Shooting Down One Argument

A Democratic congressman from Massachusetts offered this argument against impeachment hearings:

It would be disastrous — and Speaker Pelosi has hit on this — if we proceed with impeachment and we fail in the Senate just as people are going to the polls. That will be a vindication of Trump and it will help him in the final election,” Rep. Stephen Lynch (D-Mass.) said.

Rep. Lynch apparently thinks the televised presentation of loads of evidence for impeachment, and the news coverage that will generate, won’t do much. He must think we won’t come to a decision about the president’s unfitness all on our own. Instead, we’ll wait to see the results of a trial in the Senate, as if we believe the senators will all act like disinterested jurors making a reasonable, impartial decision. Perhaps Rep. Lynch doesn’t remember the O. J. Simpson trial.
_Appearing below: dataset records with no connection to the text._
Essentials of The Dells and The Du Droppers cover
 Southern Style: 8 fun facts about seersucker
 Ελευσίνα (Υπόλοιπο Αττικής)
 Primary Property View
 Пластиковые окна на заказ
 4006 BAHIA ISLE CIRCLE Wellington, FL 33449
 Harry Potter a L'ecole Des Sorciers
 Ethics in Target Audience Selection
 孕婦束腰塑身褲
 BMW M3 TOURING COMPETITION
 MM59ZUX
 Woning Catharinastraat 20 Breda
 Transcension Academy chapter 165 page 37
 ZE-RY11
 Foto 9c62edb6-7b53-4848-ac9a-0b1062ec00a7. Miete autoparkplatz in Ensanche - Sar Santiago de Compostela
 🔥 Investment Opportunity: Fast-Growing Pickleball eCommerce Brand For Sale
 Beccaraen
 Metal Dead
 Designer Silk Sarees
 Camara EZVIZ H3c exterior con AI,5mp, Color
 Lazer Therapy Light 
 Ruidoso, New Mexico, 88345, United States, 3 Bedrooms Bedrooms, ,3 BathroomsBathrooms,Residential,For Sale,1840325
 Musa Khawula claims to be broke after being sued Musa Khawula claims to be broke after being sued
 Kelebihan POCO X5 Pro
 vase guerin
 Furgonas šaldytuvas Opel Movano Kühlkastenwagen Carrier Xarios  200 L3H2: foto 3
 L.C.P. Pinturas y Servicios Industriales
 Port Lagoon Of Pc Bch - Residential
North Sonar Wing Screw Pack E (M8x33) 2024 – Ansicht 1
It received massive publicity and convinced most of America that Simpson was guilty, despite the jury, which wasn’t even made up of politicians, acquitting him. And who knows, a majority of senators might actually do the right thing and vote for his removal (even though the required two-thirds of them probably won’t).

Adam Jentleson, who used to work for Senator Harry Reid, gave an expert’s response to Rep. Lynch:

This answer from [Rep. Lynch] contains multitudes of learned helplessness and miscalculation.

First, on what planet is it bad for [Republican senator] Susan Collins to vote to protect an impeached [DT] right before the election? Remember, [the nomination of] Kavanaugh [to the Supreme Court] was a much bigger driver for Democrats than Republicans in 2018.

The idea that Trump will be “exonerated” in the public eye by a Senate vote to keep him in office reflects a massive degree of learned helplessness. Democrats have a huge stack of evidence and bipartisan voices attesting to his crimes. If we can’t win that argument, we should hang it up.

There’s a lot of angst about how Senate Republicans still evade accountability for being Trump lackeys. But you counldn’t invent a better way to tie every single Senate Republican to Trump than having them vote to let him off the hook for high crimes. This isn’t brain surgery!

Imagine [senators] Collins or Gardner on camera, being pressed on which of Trump’s many crimes they think should be permissible for a president.

It’s not a good thing to have to explain why you are letting a criminal off the hook. Again, if we can’t win that debate, we should hang it up.

And yes, Collins and Gardner will almost certainly vote to protect Trump. If they don’t, their base will abandon them overnight. In 2018, Dean Heller never recovered from mildly criticizing Trump over health care. Ditto Joe Heck in 2016 over the Access Hollywood tapes.

Meanwhile, we’ll have a presidential nominee. Ask yourself: if you ran for president, would you like your opponent to be on trial for high crimes and misdemeanors? If you answered yes, the good news is, you’re right! The bad news is you’re now disqualified from being a Democratic consultant.

What this boils down to is that people like [Rep. Lynch] are engaged in an exercise of unparalleled groupthink. It’s stunning to witness intelligent people convince themselves that *actually* it is good for a president to get impeached. It’s really quite something.

The group thinkers have also convinced themselves that the pro-impeachment side hasn’t thought through the endgame, when in reality it’s the reverse.

There is no endgame for non-impeachment. It will be a year of Democrats looking like deer in the headlights trying to explain why [DT] did impeachable crimes, but doesn’t deserve to be impeached. Everyone knows Democrats think he should be impeached. They look ridiculous trying to punt.

The endgame for impeachment is impeachment, then a Senate trial where Democrats can win the debate if and when the Senate votes to protect Trump. Then we run in 2020 on the validated idea that the ballot is the only way to remove him, against Senate Republicans who fell in line to protect him.

As the man said, this isn’t brain surgery.